Landowner will still NOT see a drop of honey from me. I hardly find 1 weeks worth of plopping my bees on someones property worthy of paying anything for land use. Landowner is more than welcome to stop by or call as he knows where I live and obviously has my phone number. I will be more than happy to discuss the unprofessional behavior of just handing out my number to folks. 

As far as follow thru, the bees are on the back of my truck as I type this ready to go to pollination in the morning to a local veg producer.


----------



## WLC (Feb 7, 2010)

Yes, but you didn't make the deal with the hired hand or his wife.

I would say that giving your phone number to an employee's spouse who has a complaint about 'bees in the house' isn't really unprofessional. It makes sense.

Frankly, letting an employee's spouse chase you and your hives off of the landowners property says it all.

You should have called the guy.


----------



## BMAC (Jun 23, 2009)

I am simply showing him the same courtesy as he showed me. I don't need hunting property. You say the employees wife run me off. I'm telling you that is bad business practice to keep bees where they are unwanted. Law enforcement generally gets involved and you my friend live in the largest SUE happy city in this state. 2 reason that assures me I am being prudent.


----------



## WLC (Feb 7, 2010)

You should have checked to see if the house needed a cutout, or if your bees had swarmed. Then you call the guy to let him know what you're going to do.

There's nothing sacred about your phone number in a case like that.

Beekeping is your 'profession', not theirs.
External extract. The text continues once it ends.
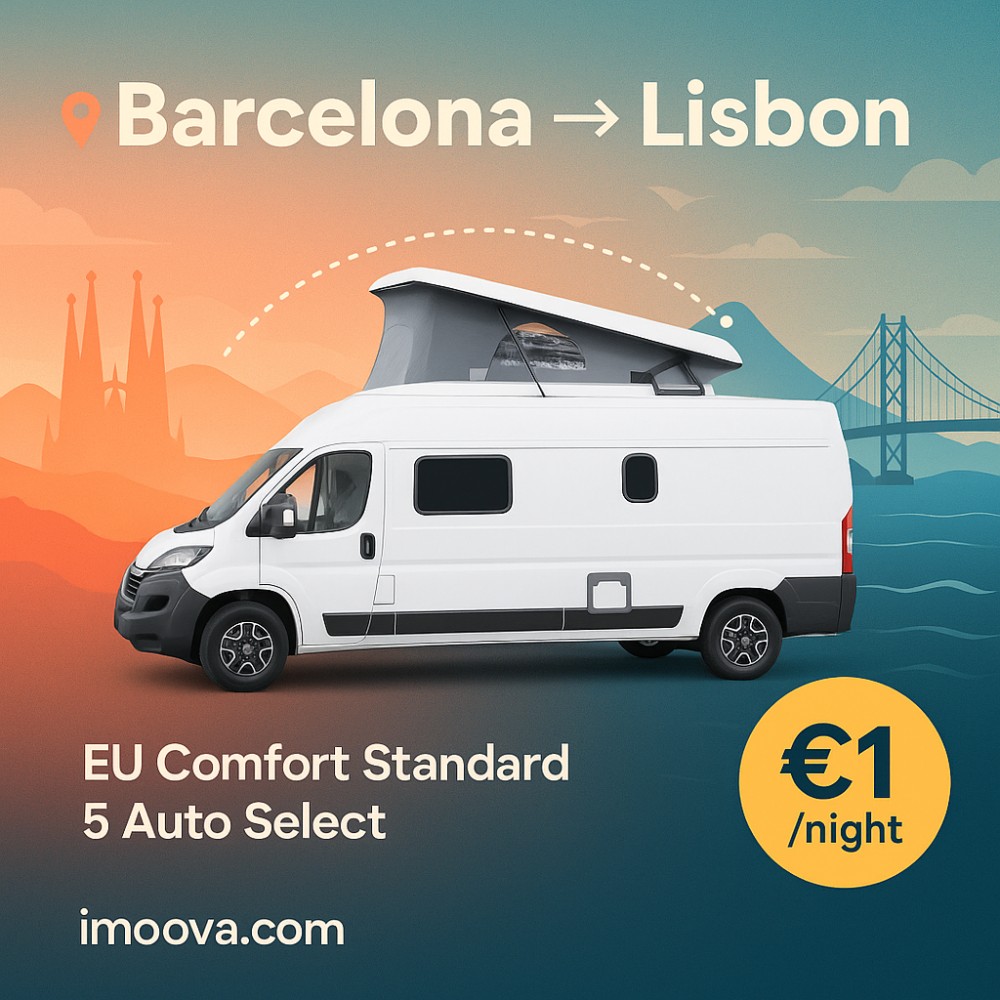 EU Comfort Standard 5 Auto Select available for relocation from Barcelona to Lisbon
This also illustrates why carrying liability insurance is a good idea, or at least being sure that you're covered under the landowner's policy.


----------



## beeware10 (Jul 25, 2010)

maybe I missed a post. but I would have gone back to the farmer and asked him if he was running the farm or his hired mans wife. (maybe a little more diplomatic)


----------



## BMAC (Jun 23, 2009)

Yes so it is tempting to ask the farmer who is running the show. I did not bother. The hired hand seemed content with me moving the bees out. Being that particular hired hand is his right hand man I am confident the landowner is fully aware Im pulling the bees from the location. I would be certain that has been discussed.
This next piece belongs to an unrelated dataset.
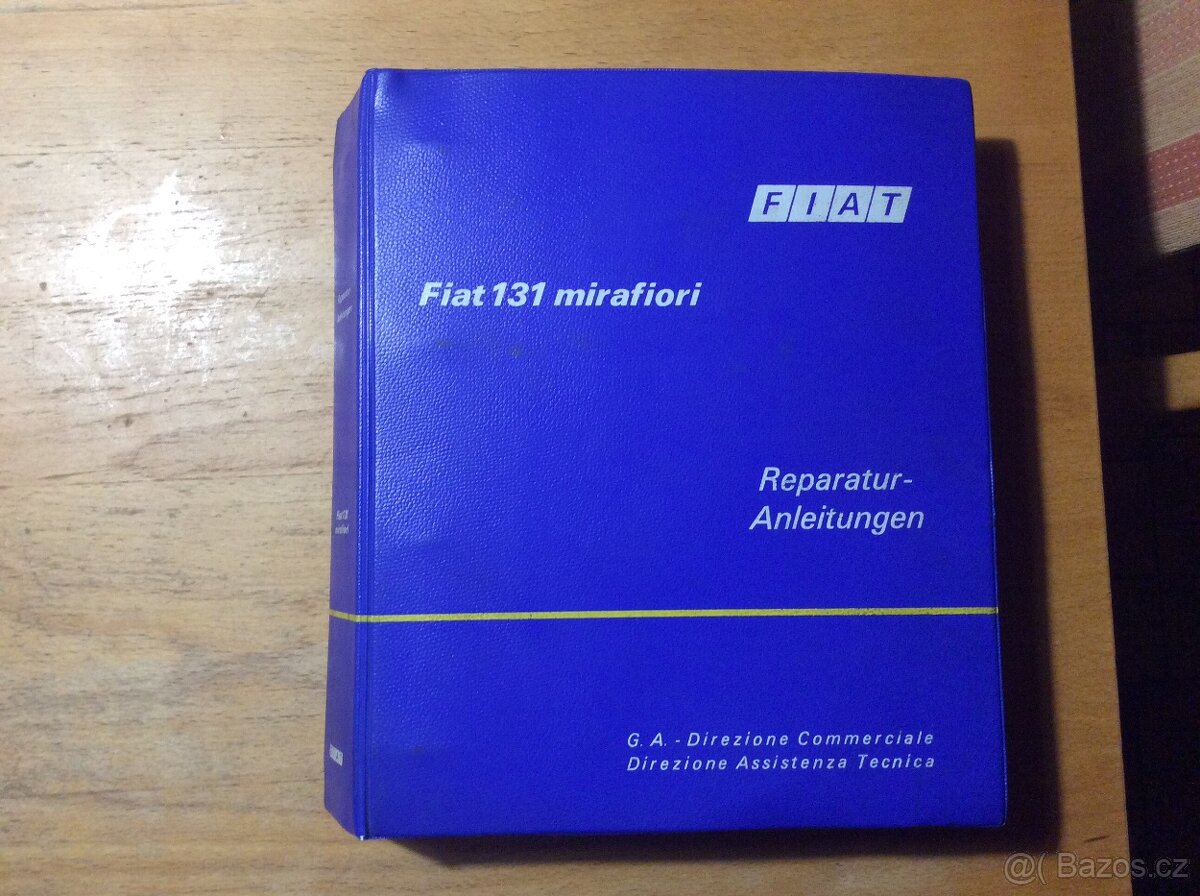 Servisní kniha originál  Fiat 131 mirafiori Reparatur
Not really that big of a deal as I said I am getting ready to run them to a local veg producer for pollination after I have my cup of coffee this morning.
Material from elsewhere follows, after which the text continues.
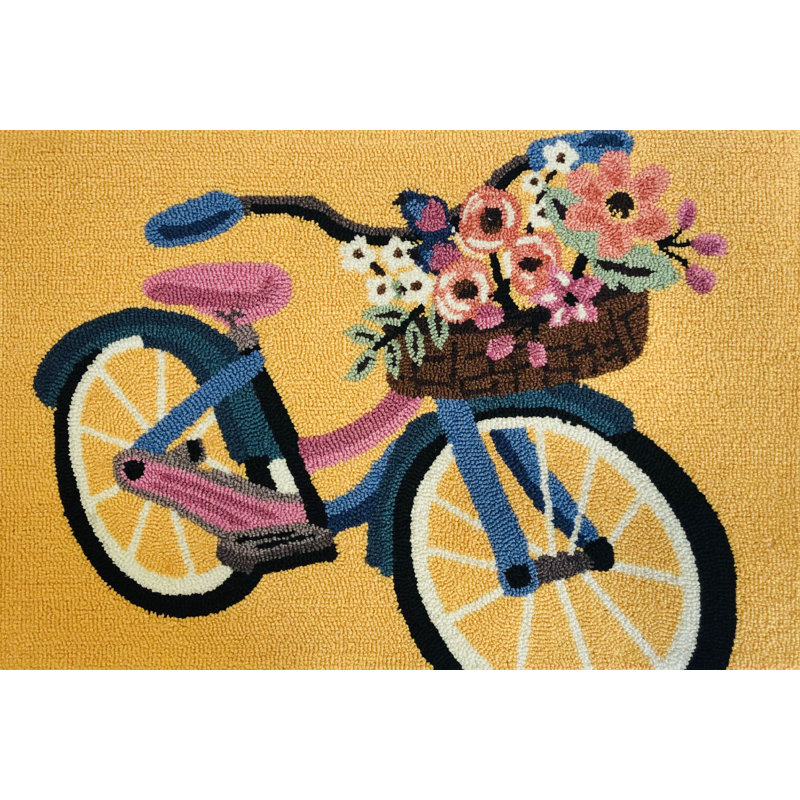 Blossom Bike moutarde_25986, Rectangle 2 pi x 3 pi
WLC you are correct. Carrying liability insurance is a good idea. There was no reason to tell the owner I do cutouts or to even check the house for cutout. She has it in her mind she is going to poison said bees in the house so they dont kill her entire family. It truly was an enlightening conversation I had with her that day. I tried to explain to her its not a good idea to just kill the bees in her walls. She has it in her mind I am stupid and dont know what I am doing or talking about and she is handling the situation. So no I will not advertise I could cut it out for them and rid the house of the bees. I will let her live and learn by the means she is meant to learn.


----------



## sqkcrk (Dec 10, 2005)

WLC said:


> You should have checked to see if the house needed a cutout, or if your bees had swarmed. Then you call the guy to let him know what you're going to do.


I don't know about BMAC, but we run similar numbers of hives and I have no time, nor desire to do cut outs. Nor do I have contact info for people who do. This is a nonissue. BMAC acted in his best interest and that is what is important to his business. There are many "should haves" that can be pointed out from other perspectives, but none of us were on the ground when the decisions had to be made. Anybody want to second guess WMD in Iraq?


----------



## WLC (Feb 7, 2010)

Well, regardless, you should give the hired hand a jar of honey for having a wife like that.


----------



## BMAC (Jun 23, 2009)

I have to tell you my charity starts at home. However I would be more than welcome to start a 1/5th of Scotch with the hired hand so he can reflect on his decision to get married.


----------



## Beeslave (Feb 6, 2009)

Moving them was the right thing. I recently found out a nearby neighbor to one of my yards was poisoning my bees 2 yrs in a row. I wondered why this one yard would do so well till it got hot out then they would start declining. This person was friends with my grandmother before she passed away and her next door neighbor. They have a dog kennel that they sprayed with water to cool the dogs. The water was attracting the bees. Instead of calling me to tell me of the problem they were continuously spraying the kennel water down with Wasp and Hornet killer. These people recently purchased this property from my family. When I went to discuss with them about putting bees there this year the husband was kind enough to walk me into his garage, showed me the 2 cases worth of empty bee killer aerosal cans, then proceeded to tell me the story of how his wife sprayed the kennel down with it every day.


----------



## delber (Dec 26, 2010)

I recently encountered someone similar to this. I was called out (by a wife of a man) for a swarm. When I got there her husband came out to meet me and was just a little testy to say the least. I was reminded "a soft answer turns away wrath" so I proceeded to do just that. I figured that if it was my reputation or a swarm I'd chose my reputation. I simply told him that I'm up for whatever he wanted. I wasn't trying to push him / them into anything, but was there simply to help. In about 3-5 minutes he calmed down and showed me the swarm. I left on great terms. It ended up being a very cordial and enjoyable time. Ultimately you need to do what you need to do!! If that means "losing" something well then fine. In all honesty I think you went above and beyond in this case. I would have offered some of the honey that the bees gathered from his property. I wouldn't have given him some up front. Just my thoughts.


----------



## Skinner Apiaries (Sep 1, 2009)

I like yards off the road where people can't see them, gated is nice too. Most of mine are. Deer cameras are nice. Had a boy burn a pallet of bees on me last year for a similar situation. Between his old trailer house I cut into pieces and a of his car I scrapped I think he paid me about 200 a piece, not too shabby. I guess I could hang right in there with some of those Florida nuts!


----------



## Elwood (Apr 8, 2009)

I also decided to not use this farmers land at all due to the fact he freely handed her my phone number instead of handling the business himself. I know we are all busy but I believe he should have talked to her and then talked to me about the issue instead of just handing her my phone number being the deal was between him and I.[/QUOTE]


He gave her your number because he _knows_ her. :lpf:


----------